When Loraine from The Hungry-Trotting Couple suggested we have a go at Filipino food for our mini-bloggers' dinner, I jumped at the idea. It's always exciting to try something new for a change, and with such enticing items on Bonifacio's online menu I was more than eager to make the necessary dinner reservations. May was a terribly packed month for many of the bloggers as most of us were actually on holiday in various parts of the world, and so I was really happy that I managed to find time to meet Loraine and Xin Li (from The Moose), even more so that it was the very first time that we were meeting one another.

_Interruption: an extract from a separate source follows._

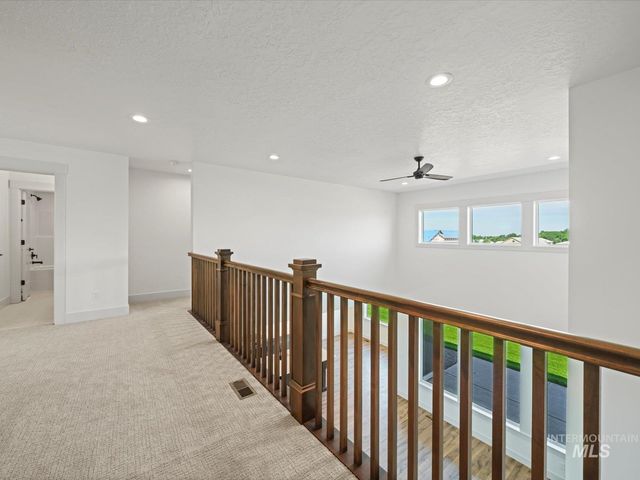 6952 E Chicken Hawk Loop, Nampa, ID 83686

I like Loraine and Xin Li, they're nice people. They're the sincere type of food bloggers who are just in it for the love of food and that thrill of gastronomic adventures. I've grown tired of food bloggers trying to outdo one another, so you can imagne my delight to meet such pleasant people for dinner, just sharing good food and good conversations. This is what I like most about food-blogging.

I couldn't ask for a better place for dinner. Bonifacio is located along the relatively quiet Keong Saik Road and is just about five minutes walk away from the Outram Park NEL MRT Station. The interior, though simple and not necessarily large, is still warm and inviting. Service here is also worth mention, as I especially like how the staff is confident about the authenticity and taste of the recommended dishes without appearing arrogant or aloof. Friendly Filipino service at its best.

Sago't Gulaman

The Sago't Gulaman is a sweet Filipino drink that has tapioca pearls, sago and jelly. I was told the Filipino "version" is very sweet and may not sit well with some Singaporeans, but anything is game for someone like me and I asked for the real deal. It didn't turn out as sweet as expected, but somewhat balanced enough. For a gross simplification, it's like drinking bubble tea, but better. Loraine's Fresh Yellow Mango Shake was even better, as it was awesomely (but naturally!) sweet from "authentic" mangoes specially air-flown from the Philippines.

Tuna Sisig

This was my favourite dish of the night. While it's typically pork sisig, my dinner companions were very nice to choose the Tuna Sisig instead just so I could try it, and boy was it good. The small chunks of spicy tuna were served on a sizzling hot plate, and what you've to do is to add some lime juice and soy sauce for flavour and then cook it all together with an egg. This is the first time that I've tried sisig, so the novelty was there and I found it really satisfying.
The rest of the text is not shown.